The human ability to plan has blossomed into the technological wonders of our modern world. This fantastic ability extends possibilities, providing not only grand discoveries but an escape from simple reactionary behaviors. The ability to plan has shaped the world and can shape our lives. With planning, we become active players in creating futures. But a thinking mind isn’t all wonder and no ache. Consciousness contributes to complexity but disrupts harmony of the moment with worries of tomorrow.
Thinking has flaws. We entertain justifications, invent blame and over-think ourselves into depression. We ponder victimhood; and ignore responsibilities with complex theories to excuse personal culpability. Thinking is a burden and a blessing. We are not constrained to live chained to unwholesome and meddling thoughts, with work, our thoughts can constructively serve our interests.
Thinking is an activity of the brain, mulling over the past and considering possibilities for the future. Thinking gives additional meaning to experience that we can access to productively guide choice, but thinking can disrupt calmness. We should be sleeping in a quiet room but noise in our head keeps us awake. We need space from chaotic thoughts that continuously haunt and intrude. We need the calmness of solitude.
Thoughts aren’t simply turned off on command when we need a break. Escaping disrupting thoughts requires skill and practice. We invite solitude through practices like meditation, prayer, Tai-Chi and Yoga. Many people enjoy solitude through controlled reflection, religious practices, music or nature. The possibilities are many. Most rejuvenating practices must be invited through intentional scheduling.

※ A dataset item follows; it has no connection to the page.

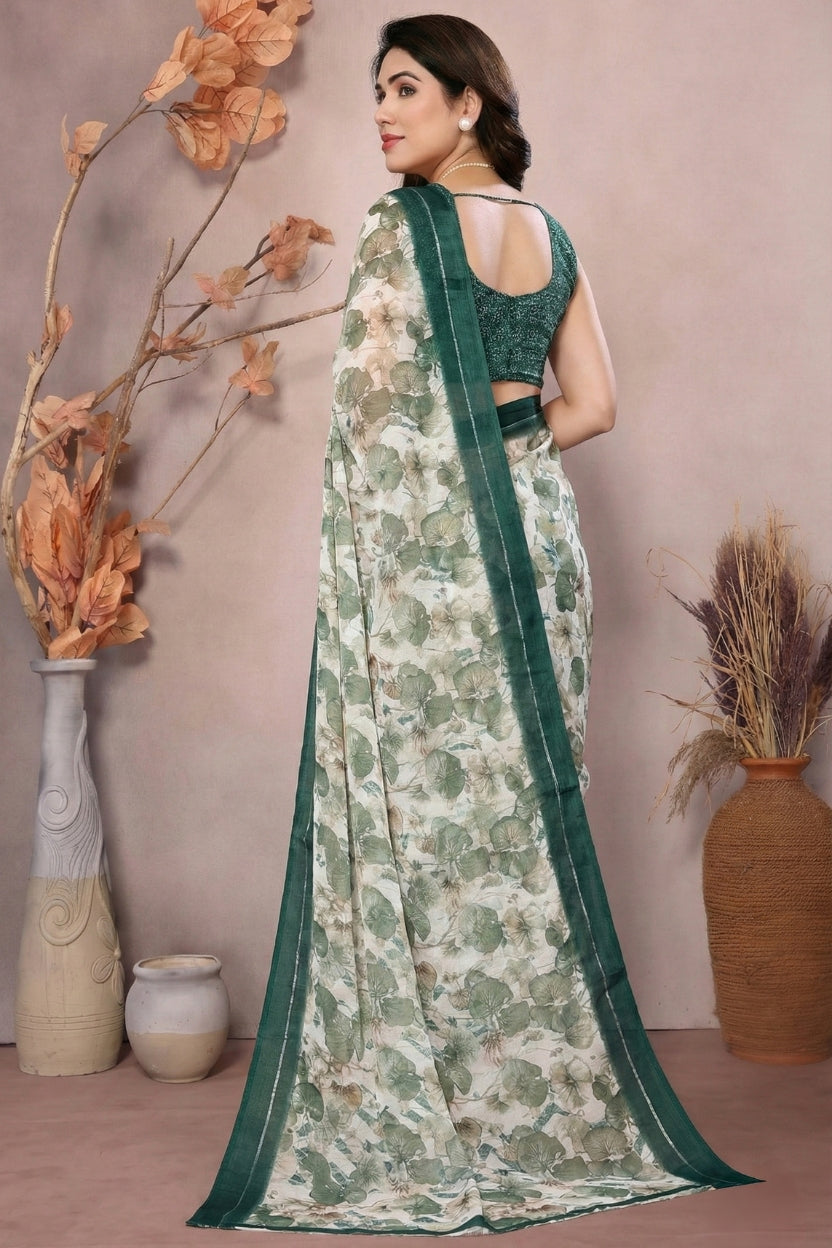 Green Satin Printed Saree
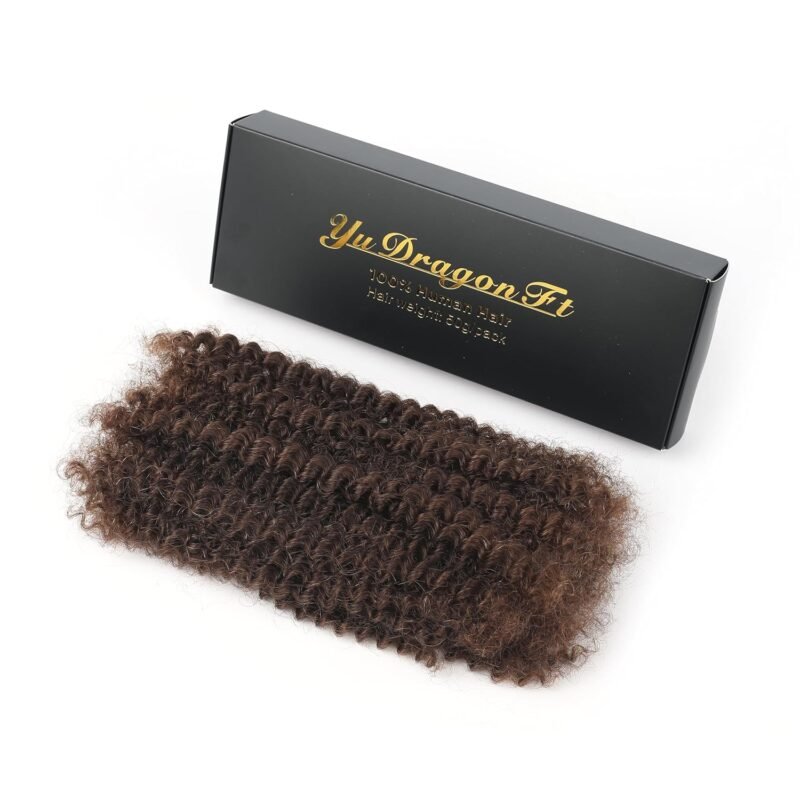 Afro Kinky Curly Human Hair Bulk for Permanent Micro Locs/Twists/Braids/Repair Locs Afro Kinkys Curly Bulk Human Hair Can be Dyed and Bleached 50 Gram Each Package(4#, 16inch)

Long absences of solitude, indulging in the overactive mind, make excursions into peace disquieting (see article Quieting the mind). Feelings previously ignored with distractions of business often surface during quietness. When Habitual thoughts disappear, raw feelings are exposed.
Moments of solitude and the rich rewards of quietness are often feared. Mindless clicking of facebook, blankly watching another repeat of an evening sitcom or a barrage of superficial text messages effectively distracts with noise, escaping the frightening feelings we wish to avoid.
Our demons must be faced to grow. Confining our life to a narrow existence protected with limiting adaptations prevents the richness of the wondrous world of the feeling existence of a conscious mind. We can challenge the fears and be freed. Like many things in life, if we want the benefits of solitude, we must structure quietness into our busy schedules. In the dark corners of our minds, away from thinking, away from distraction, we find the secrets of life, the secrets that bring the richness we seek.